The red-hot Columbian-born artist Oscar Murillo, meanwhile — this decade’s answer to Julian Schnanbel — continued a winning streak as his“Untitled” (2011), a graffiti-centric abstraction in oil stick, spray paint, enamel, and graphite on canvas sold to a telephone bidder for $293,000 (est. $100-150,000).
Further up the art-star food chain, Mark Grotjahn’s slickly patterned color burst abstraction, “Untitled (Orange Butterfly Green M 2003 G)” (2003), sold to dealer Andrew Fabricant of the New York/Chicago Richard Gray Gallery for $3,637,000 (est. $2 million-$3 million). The underbidder, the New York dealer Jack Tilton, quipped later, “I always stick to my bid,” meaning he wasn’t tempted to go any further. “Still,” he added, “it was a healthy sale.”
The Grotjahn was one of the half-dozen works bearing a third-party guarantee, meaning the lots would sell no matter what occurred in the salesroom, thanks to a variety of anonymous pre-selected bidders offering undisclosed minimum prices for the works in question.
Another member of that fraternity, John Currin’s smiling, reclining nude in oil, “Amanda” (2003), sold to Neal Meltzer $3,525,000 (est. $3 million-$4 million). The painting debuted at Currin’s 2003 solo show at the Sadie Coles HQ gallery in London.
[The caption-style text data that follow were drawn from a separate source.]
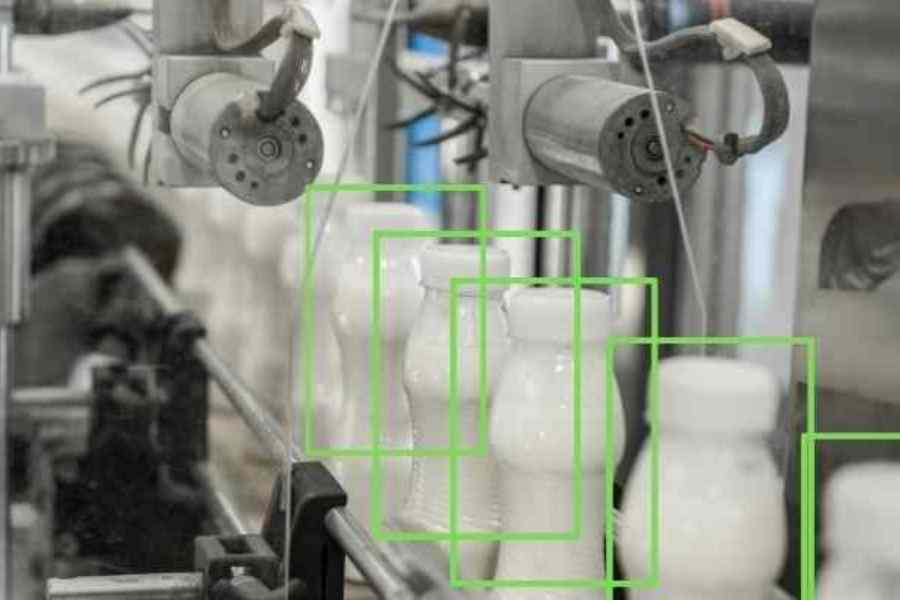 Automation of Counting as a Pillar of Production Line Efficiency ...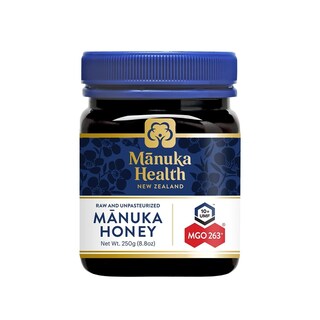 Foto 1 | Foto 1 | Superalimento Honey Manuka Health Umf 10+/mgo 263+ 250 G - Venta Internacional.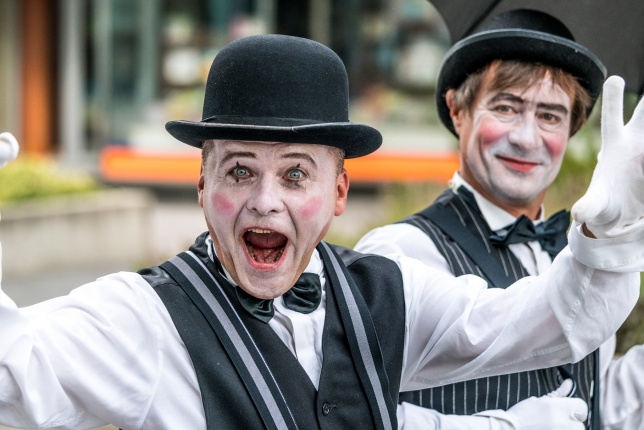 Vasárnapi Vidorgás - fotó Kohut Árpád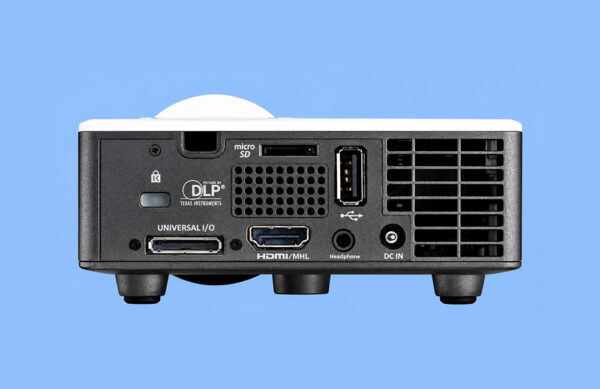 Máy chiếu Optoma ML1050ST+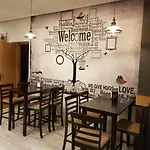 Hostal Restaurante El Abuelo
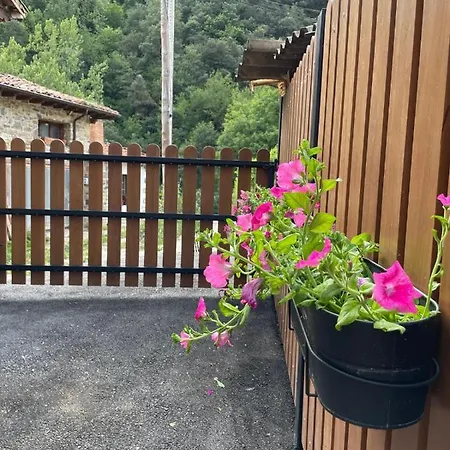 La Casa De Sabina * Lon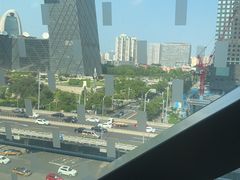 -Trainyard 炼·工场(中国国际贸易中心店)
And another guaranteed offering, Andy Warhol’s serial head-shot of Marilyn Monroe, “Nine Gold Marilyns (Reversal Series)” (1980), sold to the New York dealer Jose Mugrabi for $9,125,00 (est. $8 million-$12 million). Mugrabi was hard to miss, wearing a plain black baseball cap and bidding in the second row alongside his sons David and Alberto Mugrabi. The Warhol had last sold at Phillips de Pury & Company for $7,922,500 in November 2011.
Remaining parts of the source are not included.